Today, Auder’s work chimes with that of a new generation that has exhibited at OCDChinatown — young queer artists who document their intimate lives and relationships as a radical act of creative autonomy.
Michel Auder is represented by Martos Gallery in New York and Karma International in Zurich.
Michel Auder
Opening on February 27, 6 to 8 pm
February 27–April 13, 2025
OCDChinatown is pleased to present Cleopatra (1970, 126 mins.), Michel Auder’s early foray into feature films, which stands as an iconoclastic gesture against dogmatic systems of cinema and its genres.
Born in the French manufacturing town of Soissons, northeast of Paris, Auder moved to the capital as a teenager.
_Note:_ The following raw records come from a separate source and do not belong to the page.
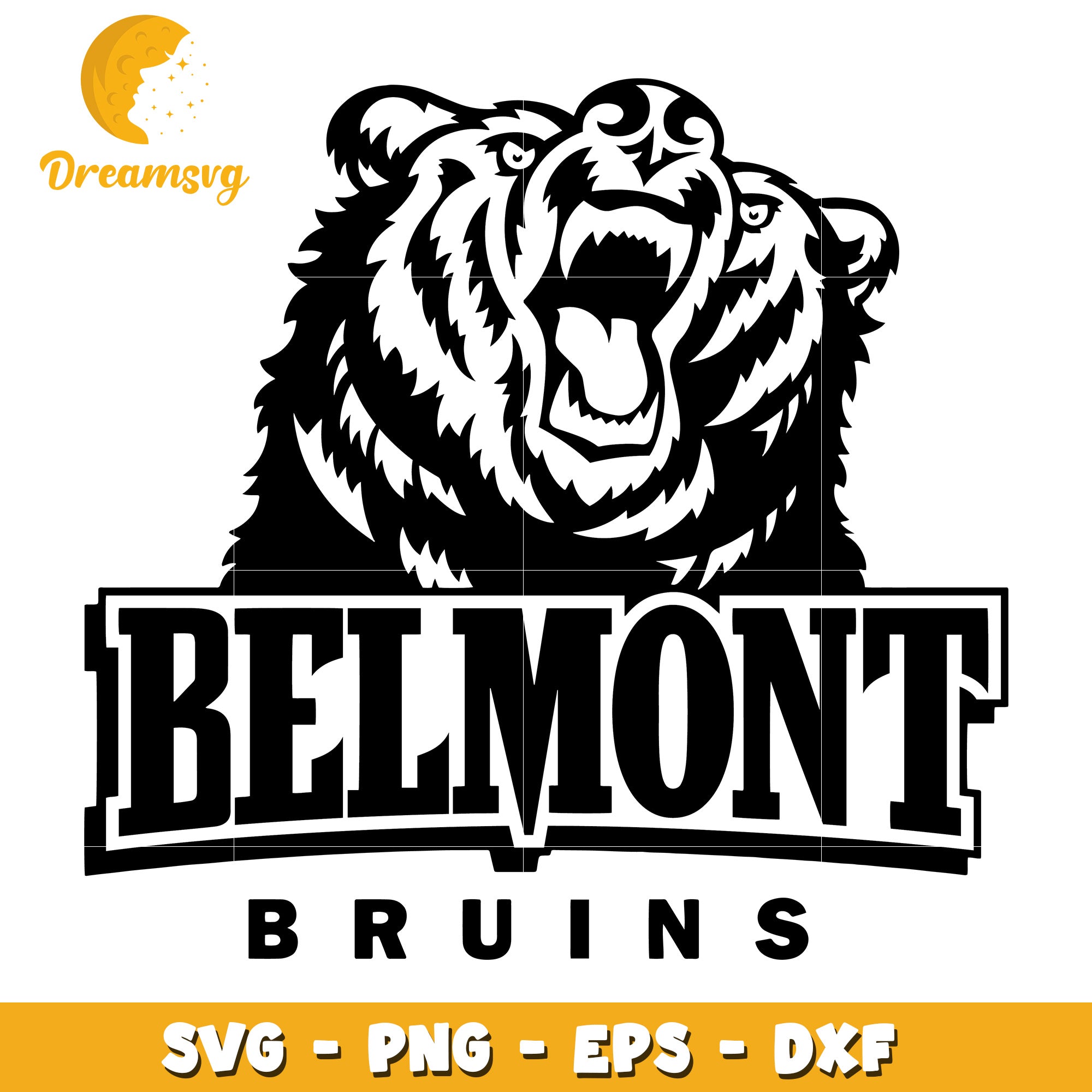 Belmont Bruins SVG PNG EPS DXF Cut File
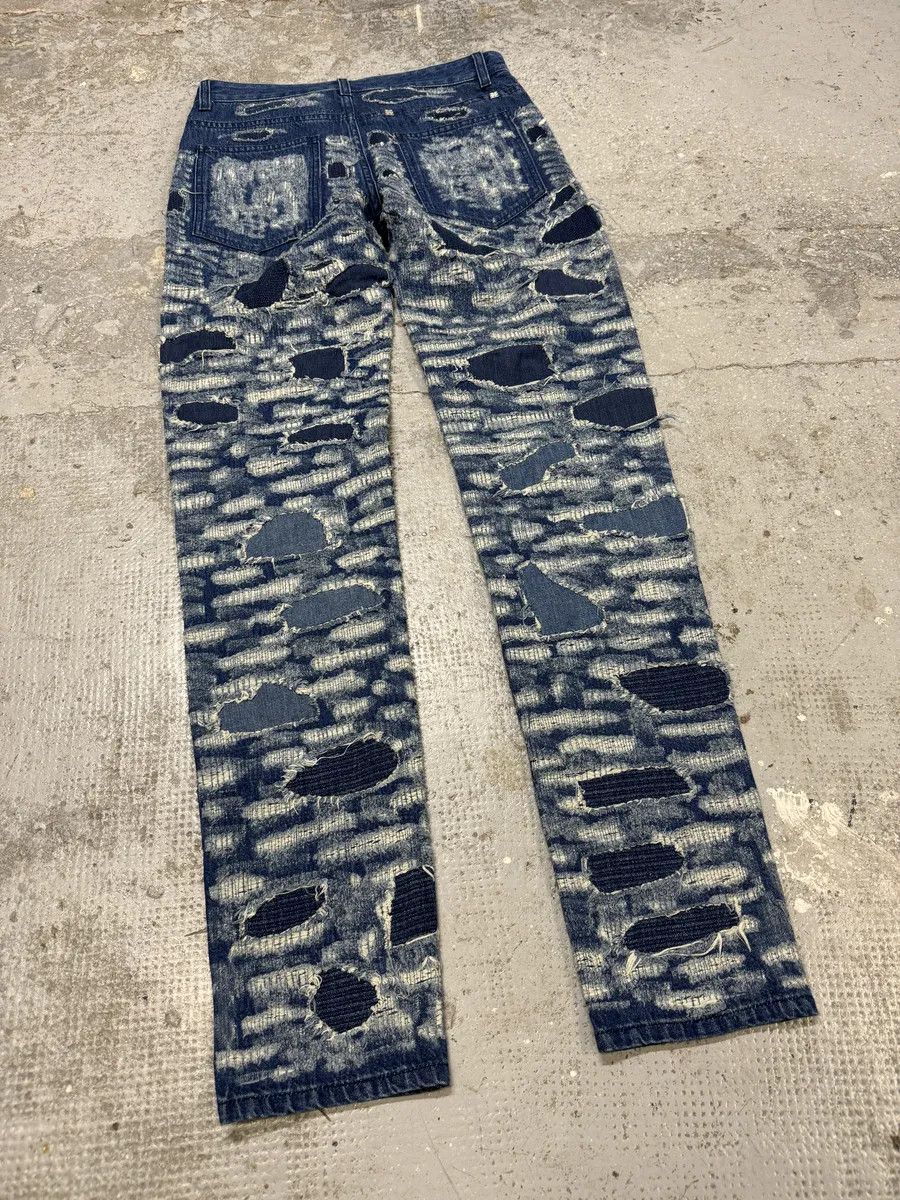 Givenchy AW2023 Givenchy Slim Blue Distressed Boro Denim Jeans Size US 30 / EU 46 - 6 Thumbnail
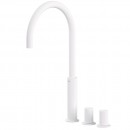 STUDY EXCLUSIVE Dwuuchwytowa bateria nablatowa biel matowa 06110502BM [TRES]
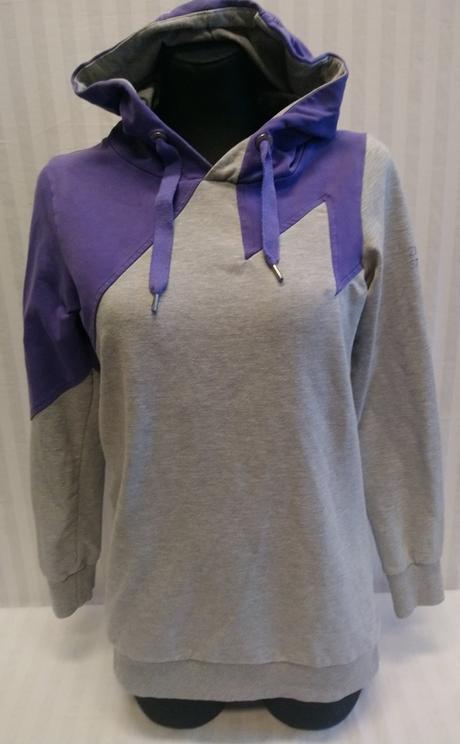 Sivo fialová mikina s kapucňou, zimstern, m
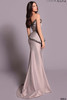 Back view of Tarik Ediz Carisa sheath gown with peplum detail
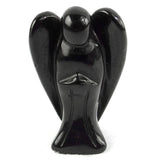 Black Obsidian Crystal Gemstone Angel 40mm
In 1962, he was drafted into the army and sent to Algeria. “It awakened my political instinct,” he would say years later, transforming him into “a raving leftist.” When May ’68 happened, however, he declined to climb the barricades: “I decided to be political in myself, in the way I conducted my life.” He proceeded from fashion photography to film and worked with the Zanzibar Group, an experimental film collective. But by the end of the decade, Auder had moved to New York. He hung out with Warhol’s Factory personalities and married Warhol’s muse, Viva.
That Warholian aura soon convinced producers to invest in Auder’s next film project, to the tune of $200,000 (equal to over $1.5 million today). The artist set off upstate with some of his closest friends (many of whom happened to be Factory actors), and a loose concept: to remake the 1963 Hollywood epic Cleopatra and tests cinema’s most lofty claim—the promise of the moving image as a medium that manipulates time and desire.
What do you get if you take away Oscar-winning sets and costumes, replace Hollywood stars with Warhol superstars, and jettison any thought of a screenplay? In Auder’s film, snow stands in for desert sand, and the performers often wear nothing more than costume jewelry. A regal-looking Viva is an affectless Cleopatra, a long-haired Louis Waldon plays a virile “Ceasar,” and a bleary-eyed Taylor Mead appears as a floppy minister to the Egyptian queen. Intertitles appear throughout the unruly, fully improvised plot, where actors, always in control of their presence on screen, engage in bucolic anti-authoritarian acts— through a dance, a performance of an orgy, skinny-dipping, and a Roman gladiator-style wrestling match.
Throughout his career, Auder has always complicated, and at times mocked, the fragile boundaries between truth and personal mythmaking, intimacy and spectacle, cinéma vérité and documentary. The artist himself appears alongside his actors in a scene at the airport, as they prepare to fly to Rome—where they filmed at the legendary studio Cinecittá as well as in the city’s outskirts, including the Garden of Monsters in Sacro Bosco di Bomarzo. In the words of one amateur reviewer, Cleopatra seems to be simultaneously “both a feature and the ‘making of.’” The film screened at Cannes, but alas, the producers were appalled and destroyed the negative. Cleopatra was believed lost for many years, until a third-generation copy, made by Jonas Mekas, was found on a shelf at Anthology Film Archives.
Today, Auder’s work chimes with that of a new generation that has exhibited at OCDChinatown — young queer artists who document their intimate lives and relationships as a radical act of creative autonomy.
Michel Auder is represented by Martos Gallery in New York and Karma International in Zurich.